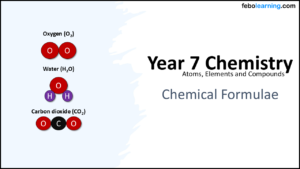 Year-7 Elements Atoms and Compounds-Chemical Formulae Title Year-7 Elements Atoms and Compounds-Chemical Formulae Title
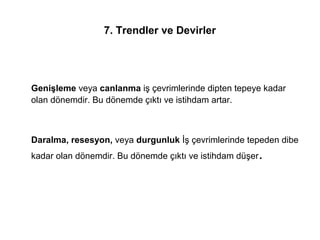 7. Trendler ve Devirler
Genişleme veya canlanma iş çevrimlerinde dipten tepeye kadar
olan dönemdir. Bu dönemde çıktı ve istihdam artar.
Daralma, resesyon, veya durgunluk İş çevrimlerinde tepeden dibe
kadar olan dönemdir. Bu dönemde çıktı ve istihdam düşer.
 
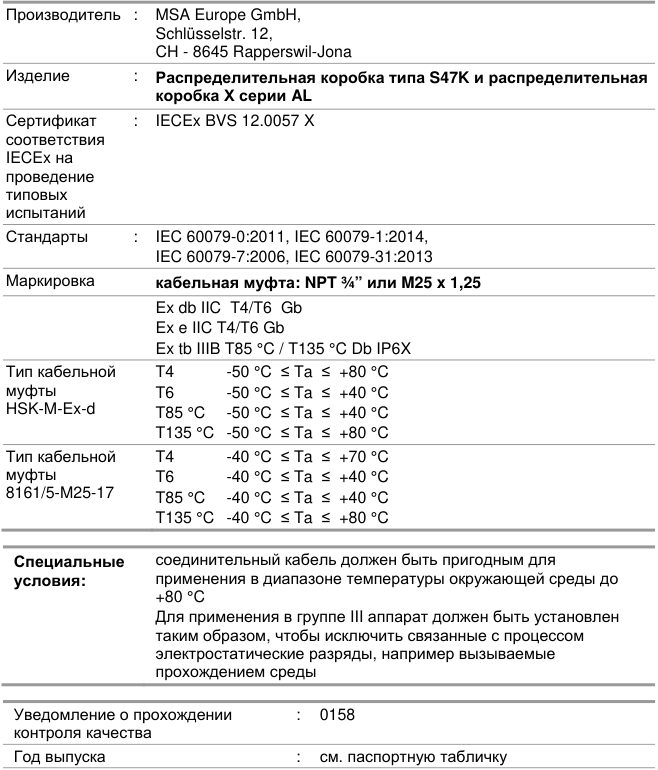 Оригинальная таблица, D16, страница 32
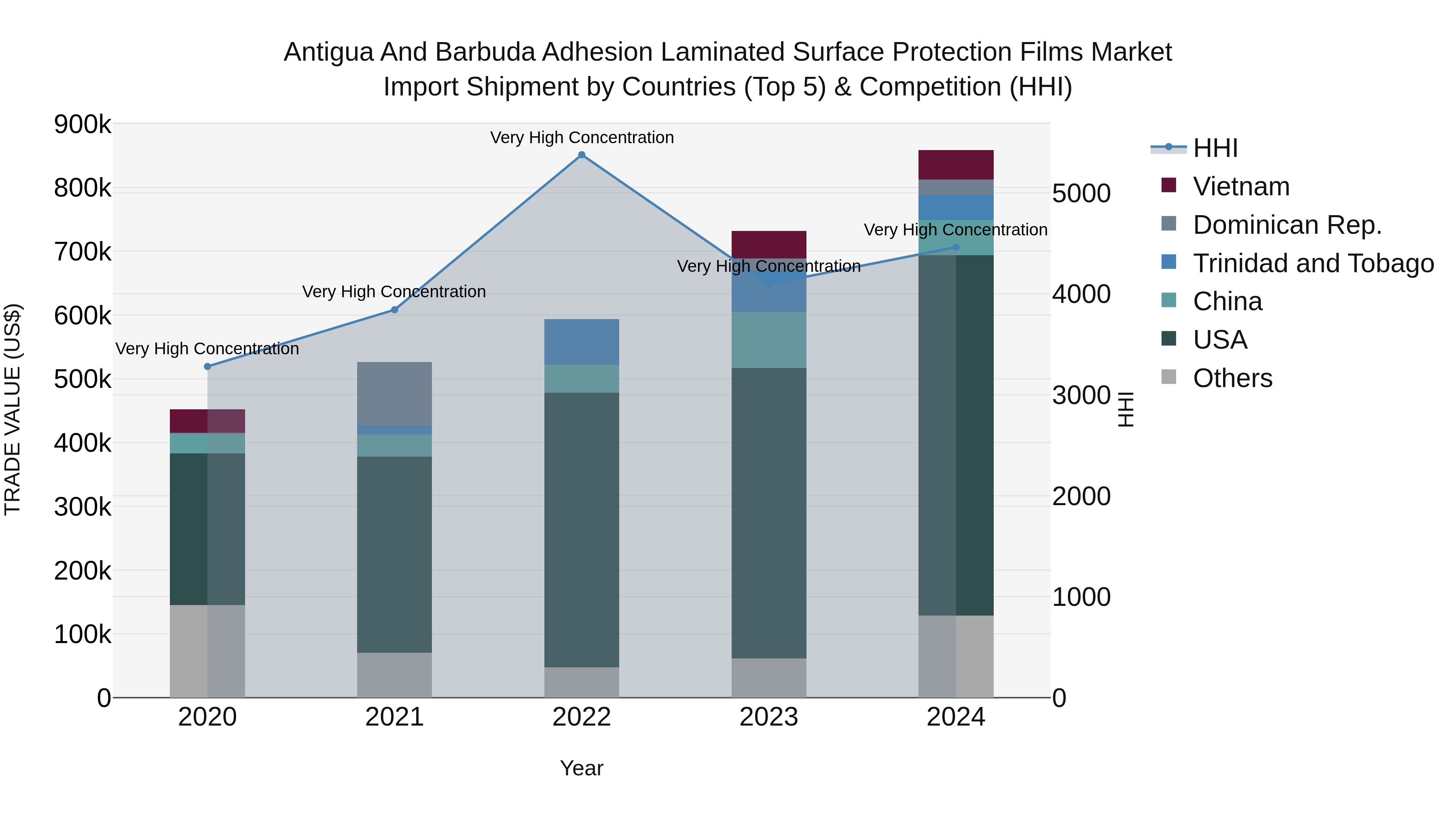 Antigua and Barbuda Adhesion Laminated Surface Protection Films Market Top 5 Importing Countries and Market Competition (HHI) Analysis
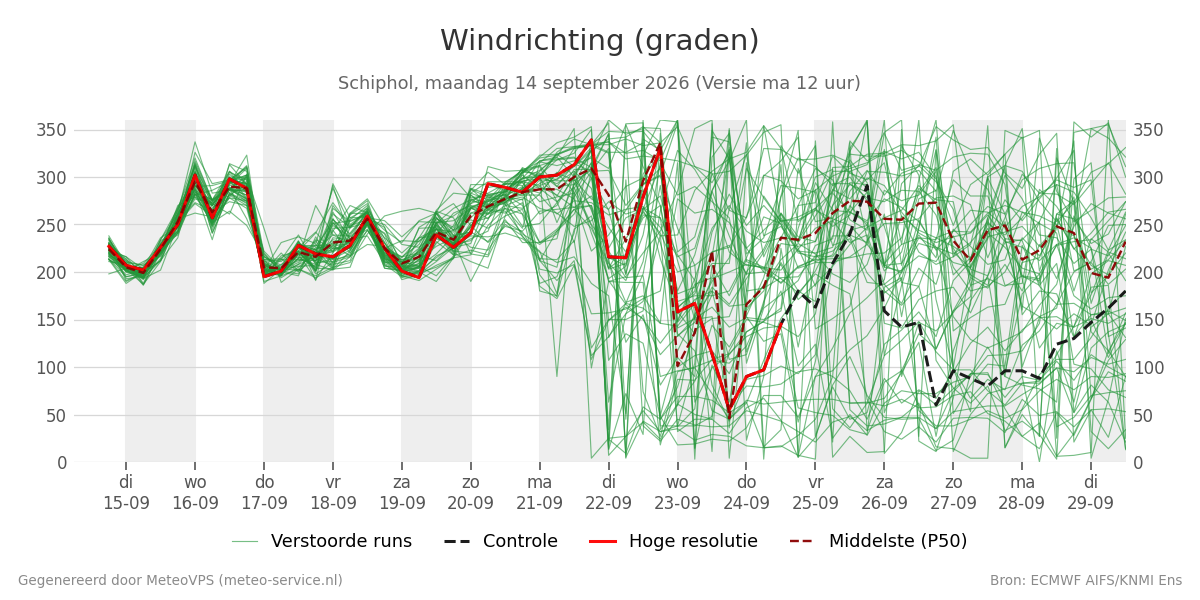 Windrichting Schiphol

WHAT YOU ARE ASKED TO DO: Your answer should be a single number: the count of lines in the listing that contain the word "veya".

EXERCISE RESPONSE: 2